Yes, the number on the Live Register and number unemployed are entirely different. They regularly get mixed up (as BBC has done). I would like to see unemployment numbers and rates adjusted to take account of jobs shifting from full- to part-time, emigration and increased numbers staying in HE because they cannot find jobs. When working on a EU project on Dublin in the late 80s, I compiled adjusted unemployment rates to take account of emigration. The figures were truly shocking.
S3…
http://www.cso.ie/releasespublications/documents/labour_market/current/qnhs.pdf
(Table 20, p.22)
Indeed Yogan, the CSO do produce the Quarterly National Household Survey that does measure ILO unemployment. The last QNHS available is for the three months ending 30th September 2010, now five months old. Each month the CSO does publish its estimate of the unemployment rate according to ILO rules, the latest being 13.4% in January 2011. The point is that the CSO does not indicate the unemployed numbers each month just the estimate of rate. Separately they produce the Live Register numbers (some 440,000 at present). And most people domestically and not a small few internationally (including the BBC) pick up the estimated monthly unemployment rate % and the Live Register numbers and meld them together.
The proposal was
(1) Each month the CSO would produce unemployment *numbers* on an ILO basis so as to hammer home the true numbers unemployed on an ILO basis
(2) The CSO would additionally produce the figures weekly so that no-one lost sight of what is supposed to be a key challenge
Ah, I was referring to S3 unemployment, currently running at 22.6%
Fair enough Yogan but it is the general ILO rate that is generally used in international comparisons eg
http://epp.eurostat.ec.europa.eu/statistics_explained/index.php/Unemployment_statistics
And our S1 is presently an estimated 13.4% (end Jan 2011) equating to under 300,000 people.

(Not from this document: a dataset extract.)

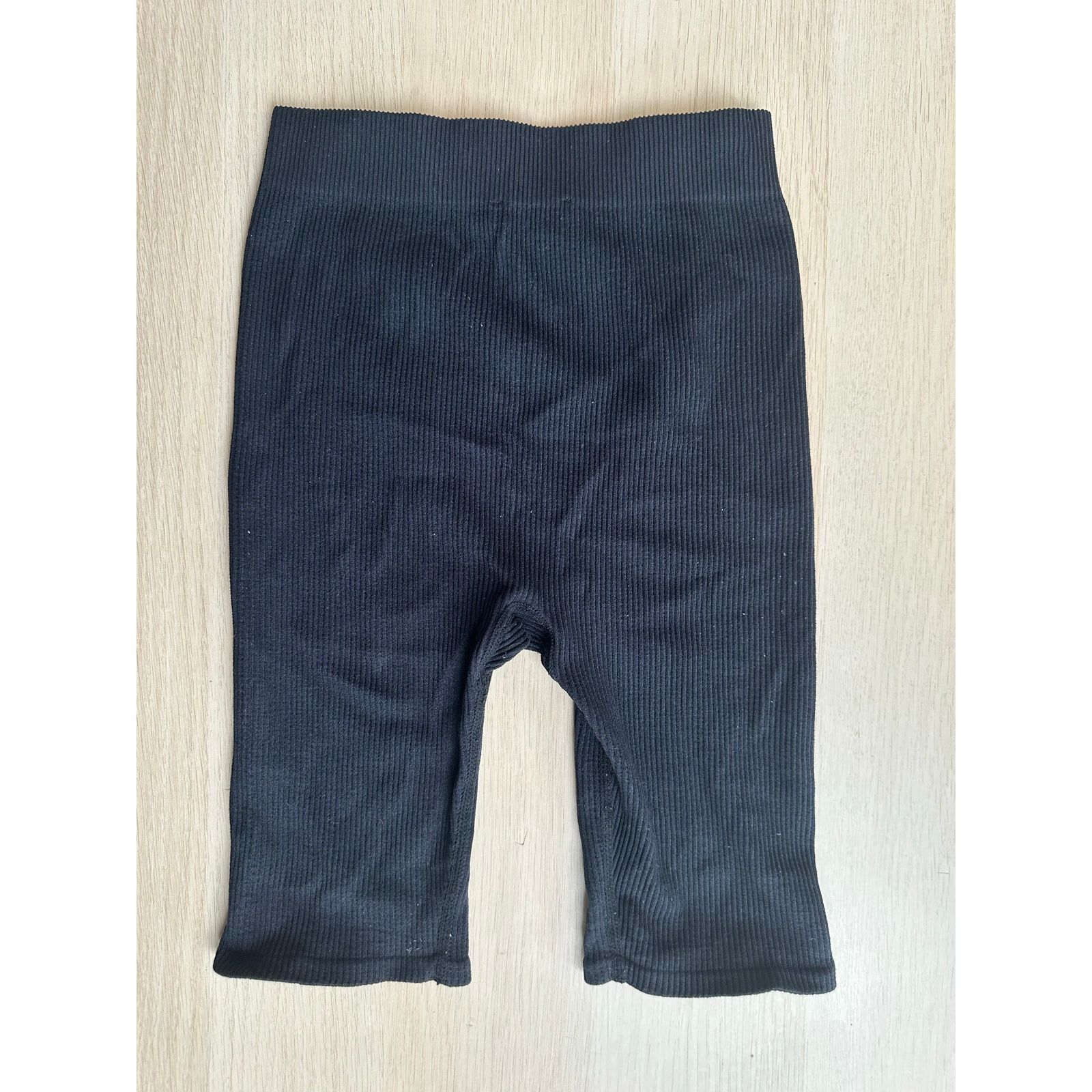 Zara Zara Black Ribbed Biker Short - Size XS - Mint Size 26" / US 2 / IT 38 - 1 Thumbnail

In the words of St. Swithin:
DEGREES OF FALSEHOOD. – “There are three degrees of falsehood: the first is a fib, the second is a lie, and then come statistics”?
@NWL
“it is the general ILO rate that is generally used in international comparisons”
Indeed, if you are comparing with other ILOs. Comparing with U6 in the US is the equivalent of our S3.
One of the interesting things is that U6 is a rough equivalent of the measure used during the Great Depression. Unemployment peaked then at about 23%. By the ILO measuring rules, it would be under 10%.
I like U6/S3 – they say we’re in a depressing according to the rules in play during the Great Depression (i.e. they are valid comparator measures).
They tell us how many people should be working, but are not. Not how many can face another day of rejections.